Dr. Steven Gable, Associate Professor of Philosophy (program chair)
Dr. Minerva San Juan, Associate Professor of Philosophy


Philosophy explores the ideas, values, principles, and arguments through which we shape our lives and our learning. The study of philosophy engages students in living the examined life and in developing intellectual abilities important for life as a whole beyond the knowledge and skills required for any particular profession. It supports graduate studies in philosophy as well as certain professions, like law, the ministry, and government service; and it complements other interests, such as literature, political science, sociology, and education. It develops analytical, critical, and interpretive capacities needed to pursue other disciplines and to engage with life in general. It develops discipline and motivation to confront problems for which there are no easy answers. A strong education in philosophy thus enhances the human capacity to respond wisely and prudently to the challenges of personal, professional, and public life.

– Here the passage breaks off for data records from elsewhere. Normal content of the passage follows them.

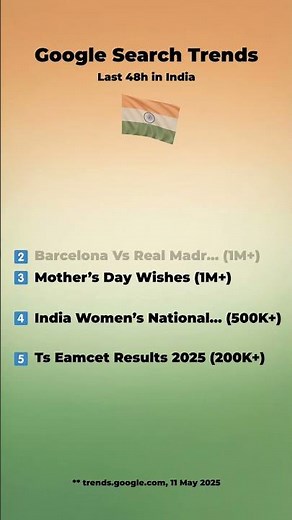 Trending Search Insights: Top Topics to Watch!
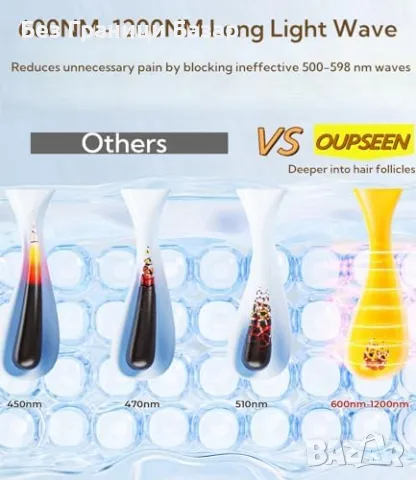 Нов уред за IPL епилация 3 режима, дълготрайни резултати у дома 9 нива, 999,900 импулса, снимка 6 - Други - 48620119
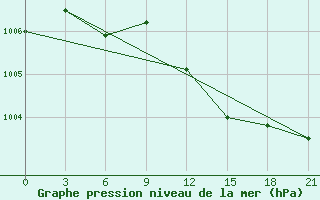 Courbe de la pression atmosphrique pour Kirsanov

Trinity’s mission as a Catholic university committed to the empowerment of women and to the advancement of social justice calls for an in-depth analysis of the ways in which philosophical ideas both contribute to and militate against the human flourishing of people of all genders, races, classes, and ethnic groups. The Program offers the opportunity for such analysis.

The Program in Philosophy supports Trinity’s general education curriculum by its emphasis on the interdisciplinary nature of human knowledge. The courses offered all emphasize the foundational assumptions of the traditional disciplines and examine the ways in which these assumptions are interrelated. The program also offers internships and practica that range from experiential learning opportunities with migrant workers in Apopka, advocacy for patient autonomy at St. Elizabeth’s, implementation of subject-protection guidelines at the National Institutes of Health, and work with various area hospitals’ ethics committee.

The Philosophy Program offers a minor in the College of Arts and Sciences; students interested in pursuing an individualized minor in bioethics should consult the Program Chair. The Program also supports all the College’s majors and allows for students to construct an individualized or interdisciplinary major.

Minor Requirements

The minor requirement in philosophy requires the completion of 21 credits selected from program offerings in consultation with the Philosophy Program Chair and the student’s faculty advisor. In addition to a minor in philosophy, students may select program offerings to construct minors in areas of individual interest; possible minors include bioethics.

Required Courses (21 credits)

ONE course chosen from between:

PHIL 103 Reasoning and Argumentation
PHIL 105 Introduction to Propositional Logic

TWO courses chosen from:

PHIL 211 Ancient Philosophy
PHIL 215 Modern Philosophy
PHIL 225 Islamic Philosophy

ONE course chosen from :

PHIL 241 Introduction to Theoretical Ethics
PHIL 245 Ethics I

ONE course:

PHIL 341 Moral Psychology

ONE course chosen from:

PHIL 361 Readings in the Theory of Knowledge
PHIL 365 Readings in the Philosophy of Science

ONE seminar chosen from:

PHIL 345 Ethics II
PHIL 465 Seminar on Dissent
PHIL 455 Seminar in Existentialism
PHIL 449 Seminar in Ethics

Recommended Courses

POLS 201 Civil Rights and Liberties
POLS 353 Modern Political Thought
SOCY 421 Sociological Theory
HIS 326 History of Science: Mapping the Known Universe
HIS 328 Darwin and Darwinism: Race, Gender, and Power
HIS 363 Enlightenment and the French Revolution
HIS 390 Close Encounters: Christianity, Islam, and Judaism in the /Middle Ages

Program Policies

Advanced Placement:
Three credits granted for a score of 4 or 5 on the AP examination in logic in fulfillment of the 100-level minor requirement.

CLEP Policy:
Credits earned through CLEP examinations do not fulfill requirements of the philosophy minor.

Grades in Minor Courses:
Students are required to earn a grade of “C” (2.0) or better in all courses counted to fulfill requirements for the minor.

Pass/No Pass:
With the exception of practica and internships, courses fulfilling minor requirements may not be taken pass/no pass.

Senior Assessment:
All students in any of the minors offered in the Philosophy Program are required to take a capstone seminar that will include a comprehensive assessment.

Study Abroad:
Students may meet minor requirements with courses taken during their study abroad.

TELL Policy:
The Philosophy Program supports and encourages the College’s TELL Policy. Students applying for experiential learning credits should consult with the program faculty.

Transfer Credits:
Transfer credit from appropriately accredited institutions of higher learning may be counted for minor requirements, dependent on program review and approval. Associations recognized by the United States Department of Education (USDE) and the Commission on Higher Education (CHEA) confer appropriate accreditation; these associations include but are not limited to regional accreditors.